Questo disco, ve ne accorgerete subito, potrebbe essere stato inciso tranquillamente nel secolo scorso, magari in un decennio compreso tra la metà degli anni ’70 e la metà degli ’80, e gli unici tocchi di modernità, quando ci sono, richiamano al massimo la decade successiva.
La band fondata dal chitarrista Peter Scheithauer (Killing Machine, Belladonna, Temple of Brutality) e dal cantante Butcho Vukovic (Watcha, Showtime) impasta un roccioso hard rock, virato spesso verso sonorità di classic metal, pescando a piene mani fra suoni e attitudini di grandi del genere quali Rainbow, Black Sabbath, Deep Purple, Ronnie James Dio e Ozzy Osbourne. La presenza in studio, poi, di sessionisti dal lungo e nobile pedigree, come Bob Daisley (Ozzy Osbourne, Gary Moore, Rainbow) al basso, Vinny Appice (Dio, Black Sabbath) alla batteria, e Don Airey alle tastiere (Deep Purple, Rainbow) insuffla di energia un suono altrimenti datato e alza di parecchio il tasso tecnico dell’esecuzione.
Tutto già sentito e risentito, diranno prevedibilmente i detrattori, ed è quasi impossibile dar loro torto. Ogni brano è una cavalcata elettrica basata su un riff roccioso, su cui si dispiega il cantato e una sequenza micidiale di assoli, la sezione ritmica (con il grande Vinny Appice sugli scudi) è martellante, e la voce di Vukovic possiede un timbro che evoca a ogni piè sospinto quello di Ozzy Osbourne.
Tuttavia, a dispetto di un canovaccio prevedibile (ma non logoro), non sfuggirà agli appassionati di genere, che questa band possiede un tiro superiore a molte altre che si limitano al più classico dei copia incolla: il disco fila come un treno in corsa per tutti gli undici brani in scaletta (e nonostante la lunga durata del disco, ben cinquantatré minuti, non c’è un momento di cedimento), i cinque stanno sugli strumenti con piglio da ventenni, e le composizioni, pur non possedendo lampi di originalità, sono tutte incredibilmente buone.

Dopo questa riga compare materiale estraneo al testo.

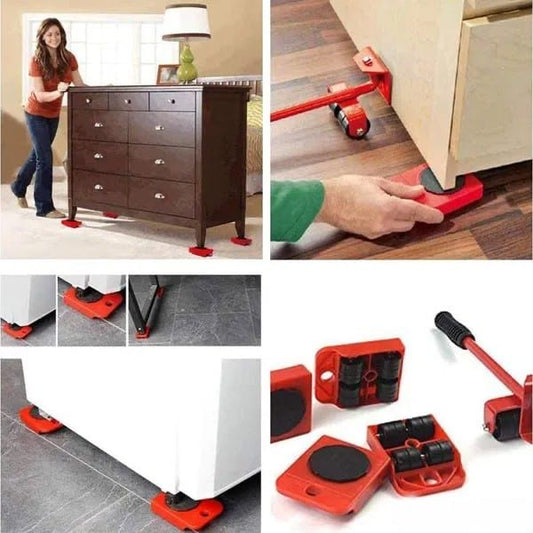 Detached heavy furniture lifting trolley mover set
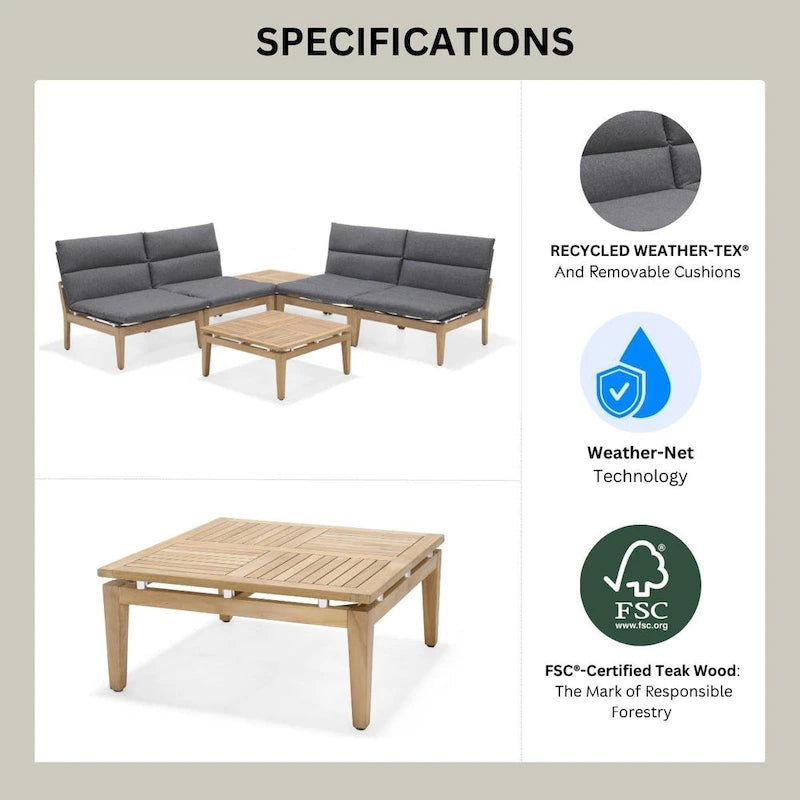 Amazonia Arnhou Ensemble de 3 pièces de mobilier d'extérieur en teck FSC pour patio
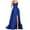 Dark Blue, variant on Women's Satin Halter Backless Maxi Dress - A-Line Cross Strap Side Slit with Pockets, Red, XXXL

Valore aggiunto per chi ama un approccio duro e puro, poi, è che le melodie, pur presenti, si inchinano di fronte alla potenza delle esecuzioni e che, in tutto il disco, non c’è nemmeno l’ombra di un momento più raccolto o intimo, un lentone o una ballata.
I Last Temptation non smettono di randellare, a partire dai sei minuti sparati di I Win I Loose, per continuare con il singolo spacca ossa Blow A Fuse, in cui Ozzy Osbourne è più di una semplice fonte d’ispirazione, gli echi Deep Purple di Coming For You, o la splendida Nobody Is Free, il cui cupo riff invischiato di psichedelia e il cantato raddoppiato chiamano in causa addirittura gli Alice In Chains.
Insomma, un disco dall’ossatura decisamente vintage, ma dalla muscolatura guizzante e ben tonificata. Chi ama il genere, non resterà deluso.